**Exercise brief**
How do the lines below between the ones holding "ars Edition Mein Oster Malbuch" and "Portes de château", inclusive, read? Give them again exactly, with no other lines.

**Material provided**
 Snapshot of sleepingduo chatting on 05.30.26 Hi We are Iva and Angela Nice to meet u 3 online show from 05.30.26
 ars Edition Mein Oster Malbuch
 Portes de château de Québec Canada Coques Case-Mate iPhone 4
* * *
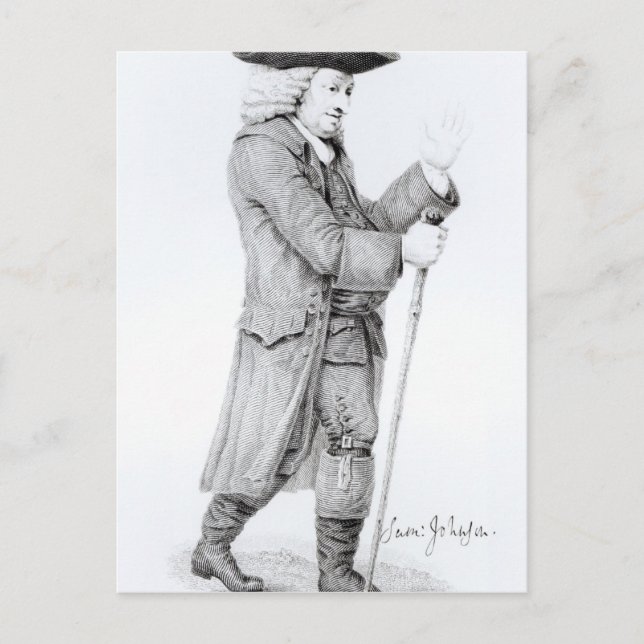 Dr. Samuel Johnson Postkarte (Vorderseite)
* * *
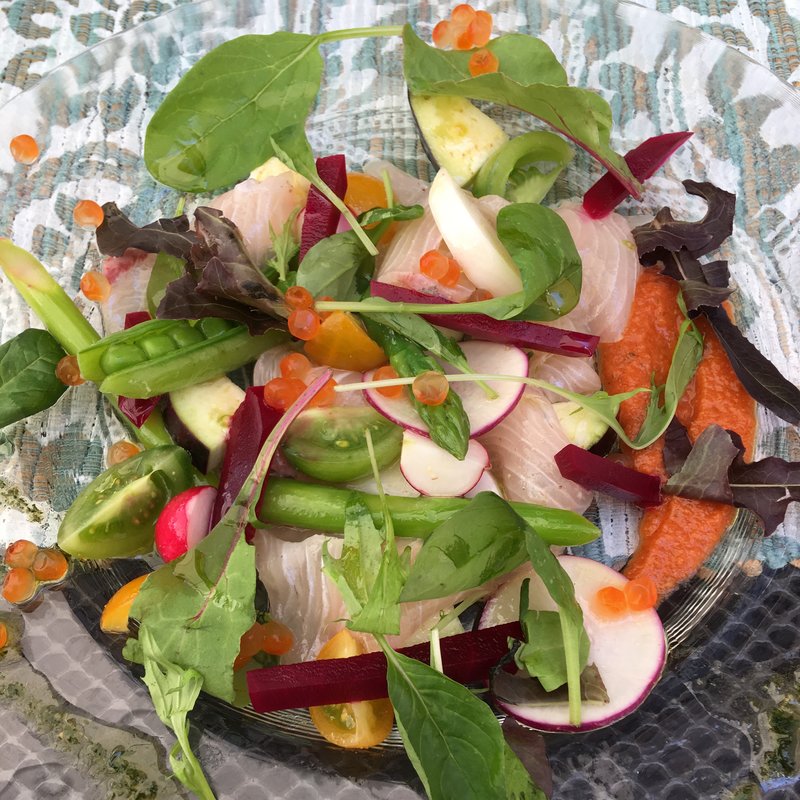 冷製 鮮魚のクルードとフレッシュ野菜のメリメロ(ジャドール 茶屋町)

**Solution to the exercise**
 ars Edition Mein Oster Malbuch
 Portes de château de Québec Canada Coques Case-Mate iPhone 4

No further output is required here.